Psychology Magazine

When Fairness Matters Less Than We Expect.

By Deric Bownds @DericBownds
A fascinating piece of work from Cooney, Gilbert, and Wilson, from which I pass on the abstract and discussion:
Do those who allocate resources know how much fairness will matter to those who receive them? Across seven studies, allocators used either a fair or unfair procedure to determine which of two receivers would receive the most money. Allocators consistently overestimated the impact that the fairness of the allocation procedure would have on the happiness of receivers (studies 1–3). This happened because the differential fairness of allocation procedures is more salient before an allocation is made than it is afterward (studies 4 and 5). Contrary to allocators’ predictions, the average receiver was happier when allocated more money by an unfair procedure than when allocated less money by a fair procedure (studies 6 and 7). These studies suggest that when allocators are unable to overcome their own preallocation perspectives and adopt the receivers’ postallocation perspectives, they may allocate resources in ways that do not maximize the net happiness of receivers.

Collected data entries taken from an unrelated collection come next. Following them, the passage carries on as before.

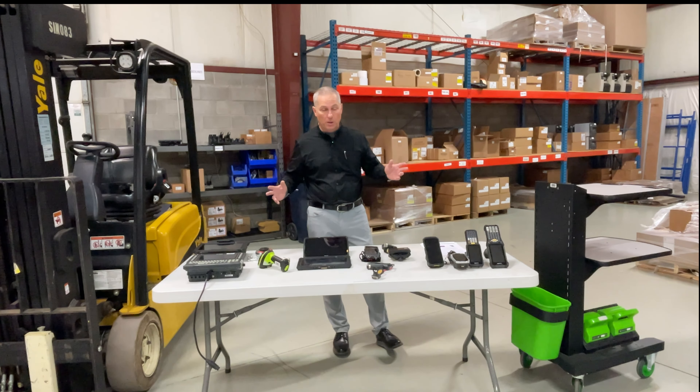Tablets — the big advantage is screen size, no two ways about it. If you need full Windows, this used to be your only option. People trying to run QuickBooks or a full Windows instance in a warehouse would use a Windows tablet. There are barcode scanners on these now — a mid-range scanner is available. Some applications really need that full screen size, and using a tablet as a walk-around mobile computer is a valid option.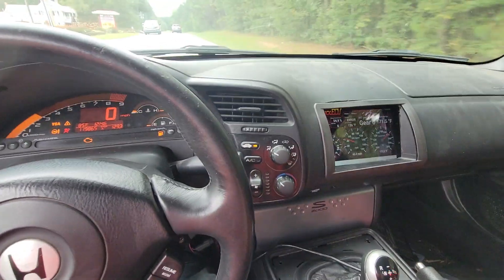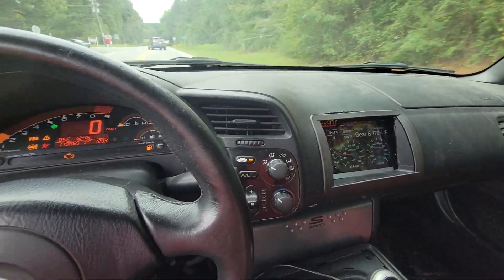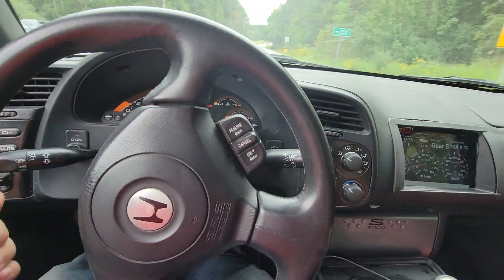DCT, driving around — don't mind my race car brakes squealing like crazy.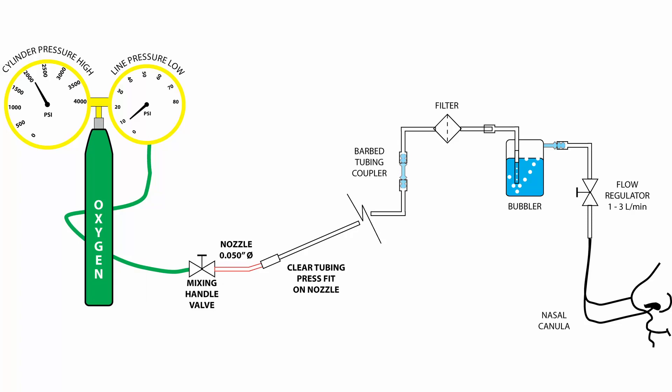You might find yourself in a situation similar to this. Someone you care about feels short of breath. If they've just run a mile, give them a minute and everything should be fine. If there's no immediately apparent reason, you might consider supplemental oxygen.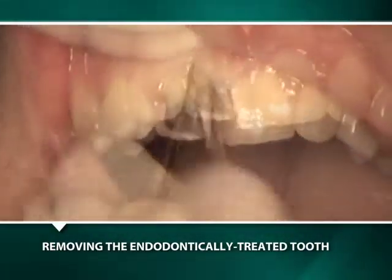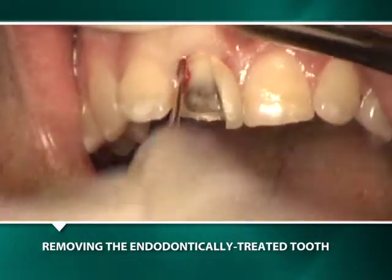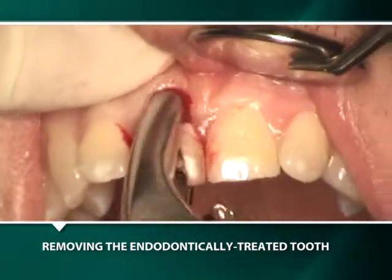The extraction begins with the judicious rocking movement of a peritone in the periodontal ligament space while apical pressure is being applied. The use of a peritone prior to using a forceps facilitates the preservation of the alveolar bone.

Allocators must decide how to allocate things of value to people who value many things, including efficiency and fairness. To balance these concerns, allocators must look forward in time and try to imagine what the world will look like to people who are looking backward. As our studies show, this is a challenge to which allocators do not always rise. Allocators in our studies consistently overestimated how much the fairness of a procedure would impact receivers’ happiness (studies 1–3), and thus mistakenly concluded that receivers would be happier with less money that was allocated fairly when receivers were actually happier with more money that was allocated unfairly (studies 6 and 7). When allocators and receivers swapped temporal perspectives, allocators avoided this mistake (study 4) and receivers made it (study 5).
Before discussing what these results mean it is important to say what they do not mean. These results do not mean that receivers care little or nothing about fairness. Indeed, literatures across several social sciences show that fairness is often of great importance to receivers. Rather, our studies merely suggest that however much receivers care about the fairness of a particular allocation procedure in a particular instance, the allocator’s perspective is likely to lead him or her to overestimate the magnitude of that concern. In everyday life, the importance of the resources being allocated will vary and so the importance of fairness will vary as well. What is less likely to vary, however, is the perspectival difference between the allocator and the receiver. Allocators must always choose allocation procedures before receivers react to the results of those procedures  and as such, the allocator’s illusion is likely to be a problem across a wide range of circumstances.
That range is wide indeed. From dividing food and estates to awarding jobs and reparations, the problem of allocating resources is ubiquitous in social life. In the last half century, mathematicians have devised numerous solutions whose colorful names—the cake-cutting algorithm, the sliding knife scheme, the ham sandwich theorem—reveal both their origins and purpose. These procedures are complex and varied, but all have two goals: fairness and efficiency. When these goals are at odds, it is up to the allocator to determine the so-called “price of fairness”, which is the amount of efficiency that should be sacrificed to ensure a fair allocation. The problem with all of the mathematically ingenious solutions to this conundrum—and indeed, with many of the less ingenious solutions that people deploy in government, business, and daily life—is that they naively assume that allocators can correctly estimate how much receivers will care about fairness once the allocation is made. As our studies show, allocators often cannot make these estimates correctly. Even when allocators and receivers have identical beliefs about which procedures are most and least fair, those beliefs inform their judgments at different points in time—before the allocation is made for allocators, and after it is made for receivers—and time changes how much fairness matters. Our studies suggest that when allocators fail to recognize this basic fact, they may pay too high a price for fairness.